A formerly healthy, unmarried 19-year-old woman presented to us with a genital ulcer of three weeks duration. At admission, the patient complained of flu-like symptoms. Despite being initially painless, on further inquiry, the patient reported mild discomfort and dysuria. Her pain score was 3/10 at baseline and 7/10 with urination. There was no history of trauma or sexual contact. Cutaneous examination revealed a single ulcer approximately 5 × 2 cm in dimension over left labia minora with well-demarcated regular margins and pale-yellow slough at the base [Figure 1]. The ulcer was tender on palpation and did not involve the perianal or anal area. There was no inguinal lymphadenopathy, and oral examination did not reveal the presence of aphthae or signs of stomatitis. Pathergy test was negative.
Laboratory findings revealed anemia (hemoglobin 10.1 mg/dL) and a leukocyte count of 8600 cells/cumm. Urine microscopy was normal. The culture of vaginal swabs reported moderate growth of candida species. Serological tests for Herpes simplex virus, Human Immunodeficiency Virus, Hepatitis B and C virus, Venereal Disease Research Laboratory (VDRL), Treponema pallidum hemagglutination assay (TPHA) were negative. Gram staining, dark ground microscopy, wound swab culture and Tzanck smear did not reveal any significant findings. However, polymerase chain reaction (PCR) for Epstein-Barr virus (EBV) and Cytomegalovirus (CMV) was not performed. A tissue smear from the genital ulcer showed mature squamous cells dispersed in a background of mixed inflammatory infiltrate with no evidence of Donovan bodies. Histopathological examination of a biopsy taken from the edge of the ulcer showed a non-specific dense dermal infiltrate of neutrophils, lymphocytes, and plasma cells [Figure 2]. Lipschütz ulcer (LU) was subsequently diagnosed following the exclusion of venereal and other non-venereal causes.
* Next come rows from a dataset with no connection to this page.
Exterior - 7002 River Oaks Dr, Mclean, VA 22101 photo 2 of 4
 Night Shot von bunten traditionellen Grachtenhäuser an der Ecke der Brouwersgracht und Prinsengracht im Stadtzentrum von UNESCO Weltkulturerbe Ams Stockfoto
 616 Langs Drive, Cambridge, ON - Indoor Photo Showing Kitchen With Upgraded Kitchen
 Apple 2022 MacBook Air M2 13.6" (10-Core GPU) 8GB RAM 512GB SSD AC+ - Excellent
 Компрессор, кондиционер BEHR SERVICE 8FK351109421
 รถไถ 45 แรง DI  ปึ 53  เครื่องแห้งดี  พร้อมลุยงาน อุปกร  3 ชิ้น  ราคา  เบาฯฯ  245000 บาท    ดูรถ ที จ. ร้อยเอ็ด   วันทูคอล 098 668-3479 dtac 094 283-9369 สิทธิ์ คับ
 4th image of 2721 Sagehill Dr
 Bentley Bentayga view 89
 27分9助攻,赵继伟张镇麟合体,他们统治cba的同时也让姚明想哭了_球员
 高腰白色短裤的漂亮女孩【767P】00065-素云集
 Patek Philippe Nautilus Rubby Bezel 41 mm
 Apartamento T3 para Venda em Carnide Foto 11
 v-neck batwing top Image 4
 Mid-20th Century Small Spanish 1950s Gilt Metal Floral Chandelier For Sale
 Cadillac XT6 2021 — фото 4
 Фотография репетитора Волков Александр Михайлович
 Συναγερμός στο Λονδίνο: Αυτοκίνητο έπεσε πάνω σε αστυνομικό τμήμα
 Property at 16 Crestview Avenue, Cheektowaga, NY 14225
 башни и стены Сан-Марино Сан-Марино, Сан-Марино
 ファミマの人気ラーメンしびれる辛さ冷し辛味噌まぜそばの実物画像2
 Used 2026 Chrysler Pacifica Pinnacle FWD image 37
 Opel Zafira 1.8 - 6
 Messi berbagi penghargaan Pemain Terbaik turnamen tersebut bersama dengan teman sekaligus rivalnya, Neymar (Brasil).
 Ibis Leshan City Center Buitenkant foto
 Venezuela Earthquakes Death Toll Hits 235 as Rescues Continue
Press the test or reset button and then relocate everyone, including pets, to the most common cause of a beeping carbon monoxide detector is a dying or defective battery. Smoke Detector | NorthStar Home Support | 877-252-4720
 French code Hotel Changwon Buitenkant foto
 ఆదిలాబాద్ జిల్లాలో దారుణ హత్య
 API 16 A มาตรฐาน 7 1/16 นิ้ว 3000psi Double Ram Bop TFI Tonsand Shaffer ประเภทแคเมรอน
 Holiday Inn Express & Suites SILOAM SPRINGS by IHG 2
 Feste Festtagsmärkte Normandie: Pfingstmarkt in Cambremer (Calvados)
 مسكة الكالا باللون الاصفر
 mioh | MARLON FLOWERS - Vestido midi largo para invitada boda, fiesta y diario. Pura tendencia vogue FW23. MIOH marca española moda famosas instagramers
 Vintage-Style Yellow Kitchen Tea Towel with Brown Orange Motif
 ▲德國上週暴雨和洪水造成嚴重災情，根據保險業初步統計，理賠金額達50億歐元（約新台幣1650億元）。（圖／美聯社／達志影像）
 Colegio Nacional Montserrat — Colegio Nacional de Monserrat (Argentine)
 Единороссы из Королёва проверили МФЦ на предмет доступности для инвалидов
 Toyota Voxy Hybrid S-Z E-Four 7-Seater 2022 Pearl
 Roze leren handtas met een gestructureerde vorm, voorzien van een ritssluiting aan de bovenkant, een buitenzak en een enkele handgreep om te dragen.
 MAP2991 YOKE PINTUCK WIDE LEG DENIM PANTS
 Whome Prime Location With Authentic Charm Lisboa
Treatment was begun with parenteral ceftriaxone, metronidazole and povidone-iodine douching with topical mupirocin ointment empirically. The patient was maintained on oral doxycycline and topical antibiotics at the time of discharge. The patient was followed up for three years with no scarring or recurrence of the ulcer.
LU were first described in 1912 by an Austrian dermatologist Benjamin Lipschütz. They present as acute painful genital ulcers along with systemic symptoms such as fever, malaise, tonsillitis, and lymphadenopathy.
Our patient complained of only mild discomfort at the site of the ulcer and hence the possibility of chancre was ruled out with negative dark ground microscopy, VDRL, and TPHA tests at presentation and during the three year follow-up period. Establishing the diagnosis of LU is by fulfilment of five major diagnostic criteria and one out of two minor diagnostic criteria [Table 1].
Infectious diseases such as CMV infection, Mycoplasma infection, influenza, paratyphoid fever, and most commonly EBV infection have often been associated with LU. One proposed mechanism is that of a type III hypersensitivity reaction secondary to viral or bacterial infections forming immunocomplexes that deposit in localized sites, leading to micro thrombosis of dermal vasculature and ultimately causing necrotic ulcers. Skin biopsy usually reveals non-specific mixed inflammatory infiltrate in the dermis and leukocytoclastic vasculitic picture.
LU can present in three morphological variants: (a) Gangrenous type with deep ulcers covered with slough that heal with scarring, (b) Chronic type -which is a recurring form with edema and superficial ulcers, (c) Miliary type– which is fibrinous and more superficial. Our patient had the gangrenous morphological variant.
LU is self-limiting, however, treatment with a short course of systemic corticosteroids (0.5 mg/kg of prednisolone for 1-2 weeks) and topical antibiotics helps in the rapid recovery of ulcers. LU is perplexing to the physician and exasperating to the affected patient. Hence it is of paramount importance for practicing clinicians to be aware of this rare and intriguing condition.